MAXIM
Concept Decomposition
Breaking Text into Meaningful Substrate Nodes
In biological brains, perception doesn't encode entire sentences as indivisible units. When you hear "I see a blue mug on the table," your brain activates separate representations for mug, table, and blue—each independently associable with memories, emotions, and motor programs. Maxim's concept decomposition mirrors this: a Protocol-based text pre-processor that extracts noun-phrase concepts before they enter the substrate encoding pipeline.
The Problem
Without Decomposition
The entire sentence "I see a blue mug on the table" becomes one opaque substrate node. This node won't pattern-complete against a bare "mug" from a previous session. The Hebbian edge from "mug" to vision-mug is unreachable from the sentence node—silently breaking cross-modal retrieval for naturalistic inputs.
With Decomposition
"blue mug" and "table" each become their own substrate node. Each can independently bind to vision embeddings, accumulate Hebbian associations across episodes, and receive valence annotations from pain/pleasure reactions. The agent learns about things, not sentences about things.
How It Works
The key property: nothing below the decomposer changes. EC, Hippocampus, Hebbian binding, cross-modal retrieval, NAc reward modulation, persistence—all stay the same. Decomposition is purely additive pre-processing.
What Gets Extracted
| Input | Extracted Concepts |
|---|---|
| "I see a blue mug on the table" | ["blue mug", "table"] |
| "The red plate is next to the green cup" | ["red plate", "green cup"] |
| "The rusty sword feels heavy" | ["rusty sword"] |
| "lotus" | ["lotus"] (identity—no decomposition needed) |
Extracted
- Noun phrases—"blue mug", "red plate", "rusty sword"
- Named entities—proper nouns captured by noun chunker
- Single nouns—"table", "lotus", "cat"
Filtered Out
- Pronouns—"he", "it", "they" (near-meaningless embeddings)
- Determiners—"the", "a", "this" (function words)
- Bare verbs—"see", "go" (ambiguous without objects)
Pluggable Strategies
The decomposer uses a DecompositionStrategy Protocol. Any class with an extract(text) → list[ConceptChunk] method can serve as a strategy—spaCy, LLM-based extraction, regex, or domain-specific parsers.
SpaCyNounChunkStrategy
Default
Uses en_core_web_sm noun chunker. Thread-safe singleton. Strips determiners automatically.
IdentityStrategy
Fallback
Returns input unchanged as a single chunk. Active when spaCy is not installed or decomposition is disabled.
Your Strategy
Custom
Implement DecompositionStrategy Protocol. LLM-based, regex, domain-specific—plug it in.
Modality Gate
Decomposition applies to text-modality percepts only. Visual percepts (CLIP embeddings), proprioceptive readings, and SEM affordance labels bypass decomposition automatically. This mirrors how the brain processes language in Wernicke's area but routes visual input through the ventral stream without linguistic decomposition.
Enforced at the Encoder Layer
The modality gate lives inside LinguisticEncoder.encode_decomposed(). Callers don't need to check—non-text modalities are automatically handled as single nodes.
Configuration
| Variable | Default | Description |
|---|---|---|
| MAXIM_SUBSTRATE_PATH | off | Prerequisite: enables the substrate encoding path |
| MAXIM_CONCEPT_DECOMPOSITION | off | Set to 1 to enable concept decomposition |
Connection to Valence Annotation
Concept decomposition is the prerequisite for valence annotation—the mechanism by which the substrate learns that certain concepts are associated with pain or pleasure. When an agent interacts with a SEM entity (e.g., a rusty sword) and experiences pain, decomposition ensures "rusty sword" is its own substrate node. The valence annotation system can then mark Hebbian edges connected to that node with negative valence, so future encounters with similar concepts carry the affective signal through spreading activation.

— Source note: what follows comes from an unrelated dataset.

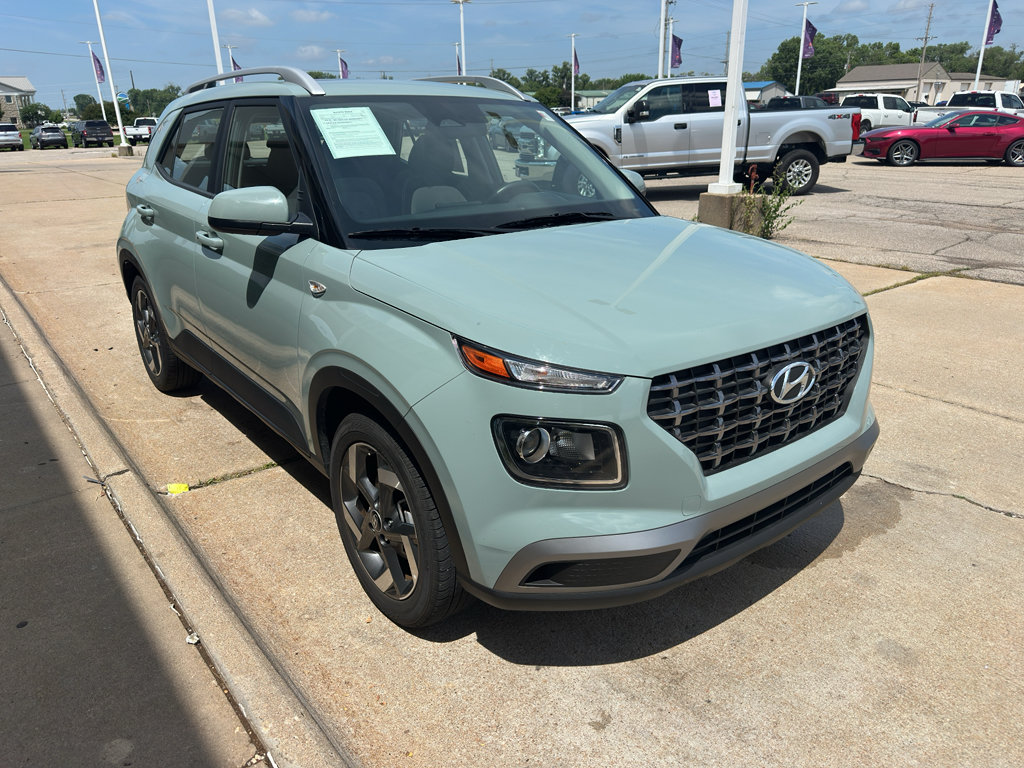 Used 2025 Hyundai Venue SEL FWD image 2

Without decomposition, the valence would land on the entire sentence blob—less precise and harder to generalize across different contexts where the same concept appears.
The ConceptChunk Data Type
The rich return type supports future extensions (role-tagged edges, confidence-weighted binding) without breaking the Stage 1 interface. Downstream code accesses chunk.text for encoding.